Hal didn’t just teach in the classroom. He lived his theology in the streets, in city hall, and in conversations where moral courage was often tested. During my time in seminary, he invited me to join the Religious Leaders for Fairness, a coalition of clergy advocating for Louisville’s fairness ordinance – legislation that would protect LGBTQ+ residents from discrimination.
It was Hal who asked me to help lead our group’s lobbying effort. We were tasked with meeting with city aldermen who were undecided – or outright opposed – to fairness. One of the most awkward meetings I remember was with an alderman from the south side of Louisville, a working-class district near the Ford plant. At the time, working-class values were often assumed to include anti-gay values. I remember the tension in that room. I was young and nervous. Hal sat beside me. The president of The Fairness Campaign was there too. We made our case.
I don’t know if we changed that alderman’s mind – but eventually, the ordinance passed.
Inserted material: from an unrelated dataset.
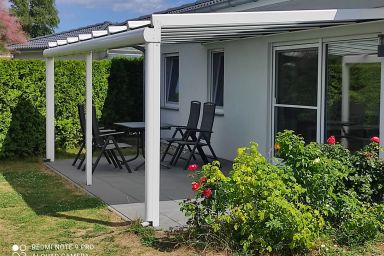 Ferienhaus FH21 - Ferienhaus für 4 Pers. mit 2 Schlafzimmern, Terrasse, Holzofensauna und WLAN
Not because of one conversation, but because of hundreds of conversations like the one Hal asked me to lead that day.
The truth is, I don’t remember the talking points. I remember Hal’s trust in me. I remember that he believed this work mattered and that we were capable of doing it.
Hal had a knack for rewriting scripture through the lens of contemporary challenges. Reading lines like the following bring back strong memories of him:
“I am the Sacred Spirit of Life who created all of you in your racial, ethnic, religious, and sexual diversity… I despise bigotry, hypocrisy, oppression, and violence… And I delight when you treat one another with compassion, honesty, generosity, and fairness.”
Hal believed God was speaking in the middle of that moral crisis, and that our job was to listen – and act.
You can read the full text of Hal’s A Prophecy for Fairness (download PDF), first spoken at the Gay Pride March for Justice in Louisville, KY, on June 26, 1993.
Hal Warheim taught righteousness, but not the kind you wear like a badge. His was a righteousness rooted in fairness, in action, and in shared humanity. I will always be grateful that he invited me into that work, and that he believed I had something to contribute.
Even now, decades later, I’m still trying to live up to that calling.